Not everyone grows up in great circumstances with good, emotionally available parents

I'm pretty sure you're not really trying to educate an adoptive parent about how some families can be dysfunctional!

I still question that 40% of the general population have children with attachment issues - based on my experience of a micro population with hiugher than average attachment issues and the general population of people I know.

Anyone who thinks that 40% of the children that I know or of the people I know who know other children (eg teachers, family friends etc) have an insecure attachment style is somewhat over egging the attachment pudding.

Snossidge · 26/10/2015 17:32

The Strange Situation is a bit more complex than just whether a child goes to their carer when upset too though. A child with an ambivalent attachment might go to the carer but be unable to calm down, an avoidant child might not go to them at all. The Strange Situation looked at behaviour when the parent and child are together and when there is a stranger in the room too.

Snossidge · 26/10/2015 17:34

Obviously all those decades of research was useless Kewcumber, they should have just asked your opinion of your friends Confused

Interested in this thread?

Then you might like threads about these subjects:

fluffygreenmonsterhoody · 26/10/2015 17:55

OP the fact that you're aware of attachment and worried about getting it right is, in itself, a good indicator that you're doing ok.
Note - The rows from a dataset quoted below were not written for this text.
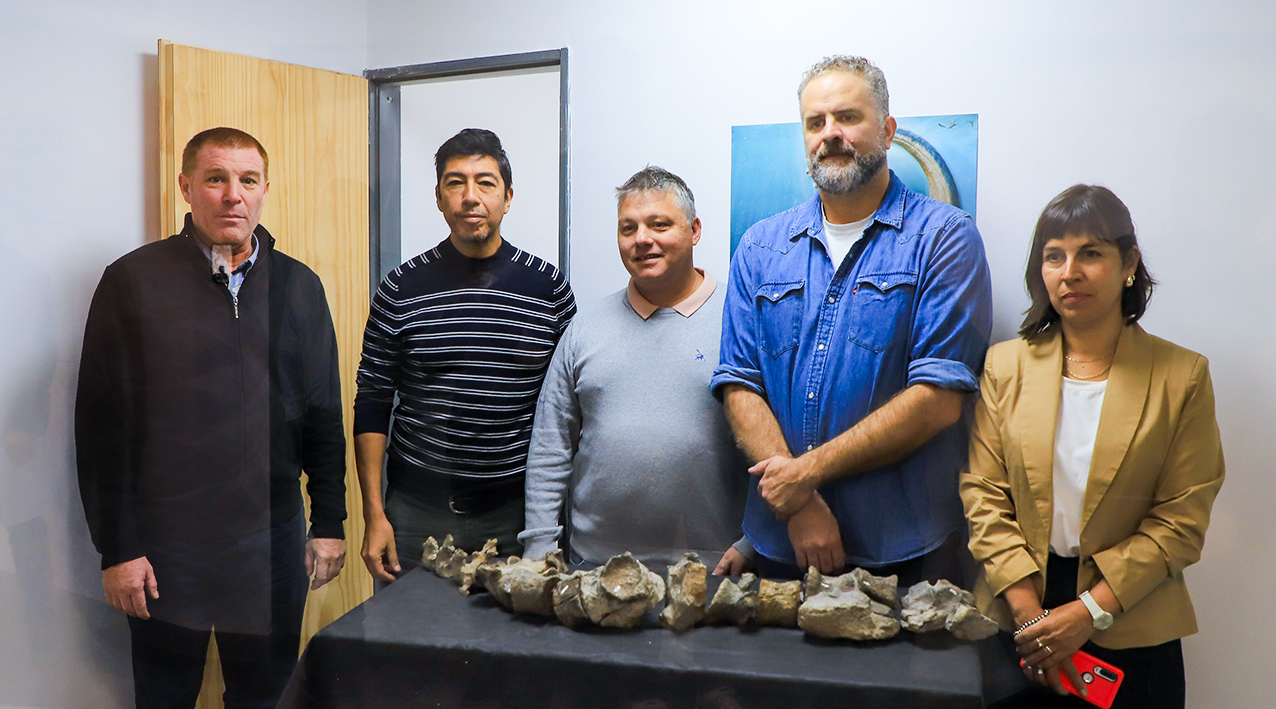 Un plesiosaurio descubierto en la Antártida fue analizado en Neuquén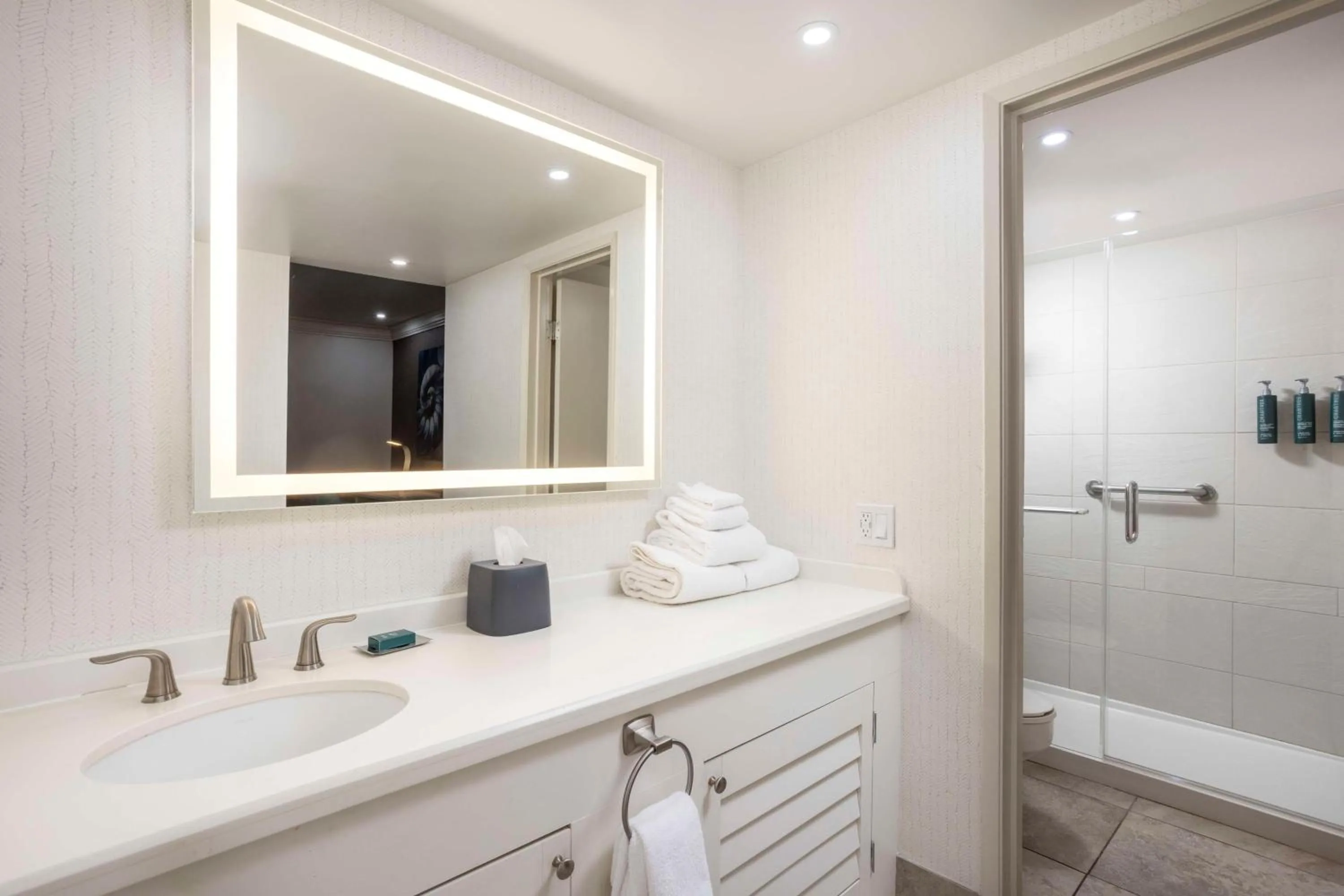 Bathroom in DoubleTree by Hilton San Diego Bayside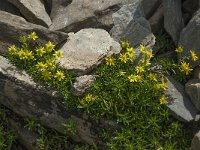 Saxifraga aizoides 71, Saxifraga-Willem van Kruijsbergen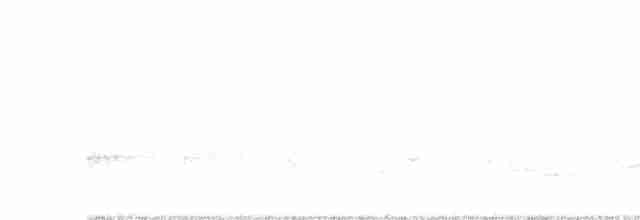 Чернокрылая пиранга - ML619402464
Now try being as kind to yourself as you are to your children!

lightgreenglass · 26/10/2015 18:12

For those of you shocked by the 40% this also extends to adult attachment too.

Obs2015 · 26/10/2015 18:44

That was very offensive snossnidge towards Kew.
I too know not of 1 person within 50 or 100 parents who have this.
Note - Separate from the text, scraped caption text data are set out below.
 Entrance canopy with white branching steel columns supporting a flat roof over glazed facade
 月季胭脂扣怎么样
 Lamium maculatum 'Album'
I can't seem to get you to answer the question. Let me try, one last time:

Are you seriously suggesting that 40% of parents are getting it SO VERY wrong. Don't you think that this is a concern: that almost half of patents are getting this so very wrong.

I still feel that these 'health professionals'and teachers are so out of touch with reality, over-zealous with their labelling, they are labelling 'NT'normal children.

BertieBotts · 26/10/2015 18:53

I've had problems with relationships, but I don't have attachment issues. The two don't always go hand in hand. I can pinpoint my relationship issues on an uninvolved father (who was & is by all accounts great with babies) and my mother's low opinion of men in general leading me to low expectations.

I agree wrt attachment parenting and catastrophising attachments. I did AP but looking back I don't think it was as important as some would have you believe.

CultureSucksDownWords · 26/10/2015 18:58

Obs2015, are you of the opinion that the Baby Bonds research is just plain wrong?

SealSong · 26/10/2015 19:01

Nobody is trying to over-label children FFS.

Quite the reverse, it's very hard to get a diagnosis in the UK usually!

Snossidge · 26/10/2015 19:04

I find it quite odd that you can so confidently diagnose all of your friends and acquaintances attachment styles Confused

I think you must be referring to psychologists who have done this research when you talk about people being out of touch with reality?

An insecure attachment style isn't abnormal, and it doesn't make children not neuro-typical either.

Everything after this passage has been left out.